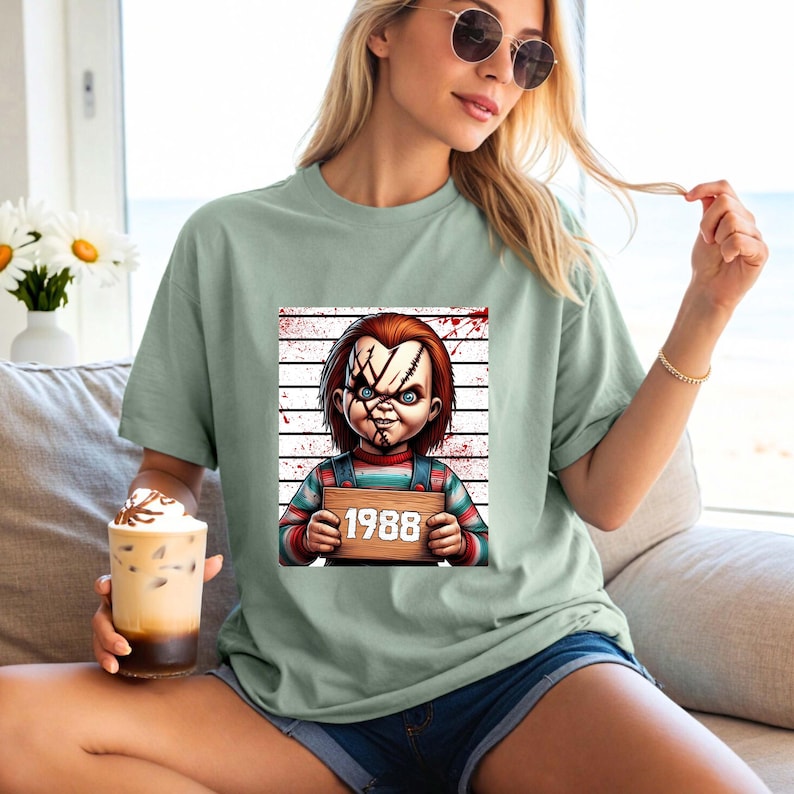 May include: Sage green t-shirt featuring a graphic of a doll with stitched scars and the year "1988" on a wooden sign. The doll has red hair, blue eyes, and is wearing striped overalls. The background includes a blood spatter design.
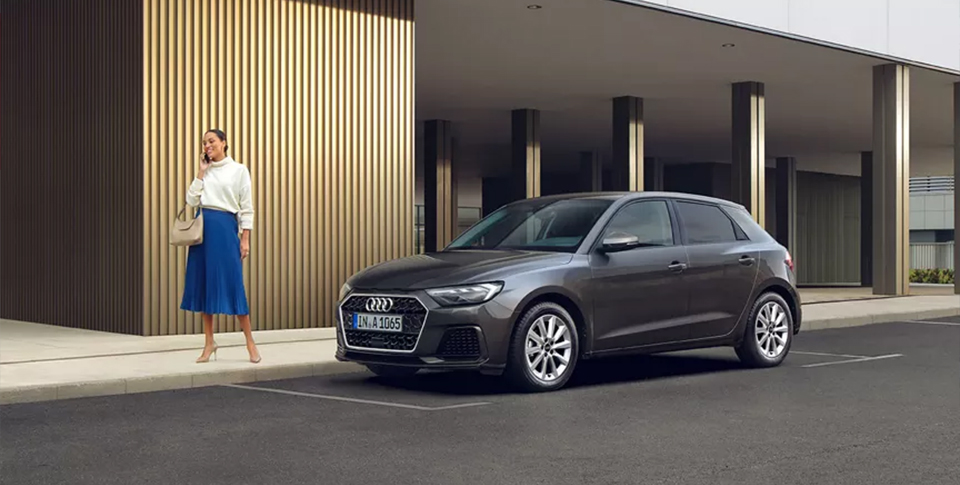 Ein Audi A1 der Parkt. Vor dem Fahrzeug steht eine Frau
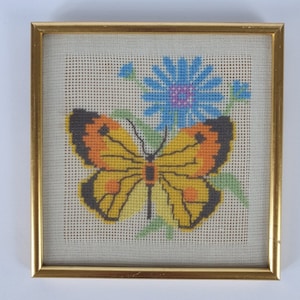 Butterfly embroidery in golden frame, wall decoration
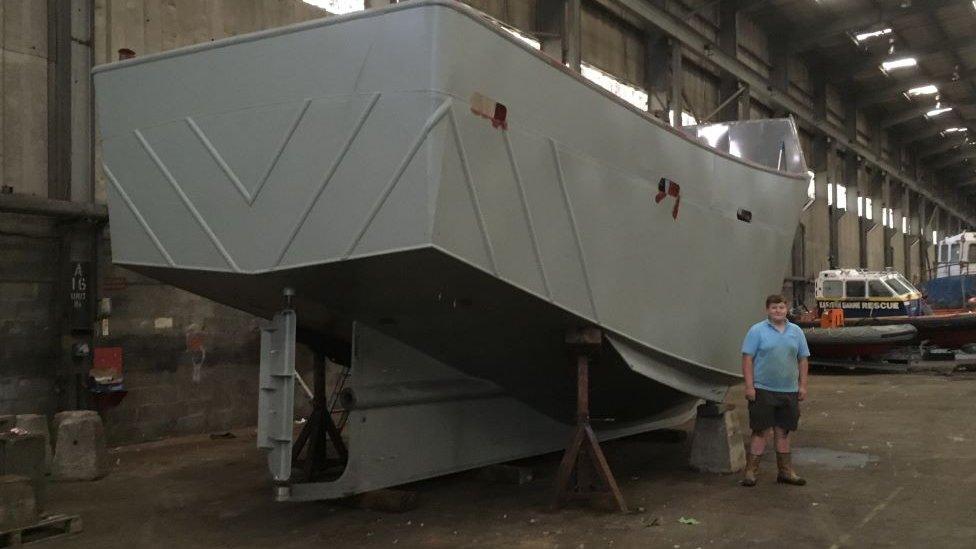 Alex Wightman, aged 15, standing next to the ship's hull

EXERCISE DETAILS
In your output, repeat the listing above exactly and include none of the pictures.

RESULT OF THE EXERCISE
 May include: Sage green t-shirt featuring a graphic of a doll with stitched scars and the year "1988" on a wooden sign. The doll has red hair, blue eyes, and is wearing striped overalls. The background includes a blood spatter design.
 Ein Audi A1 der Parkt. Vor dem Fahrzeug steht eine Frau
 Butterfly embroidery in golden frame, wall decoration
 Alex Wightman, aged 15, standing next to the ship's hull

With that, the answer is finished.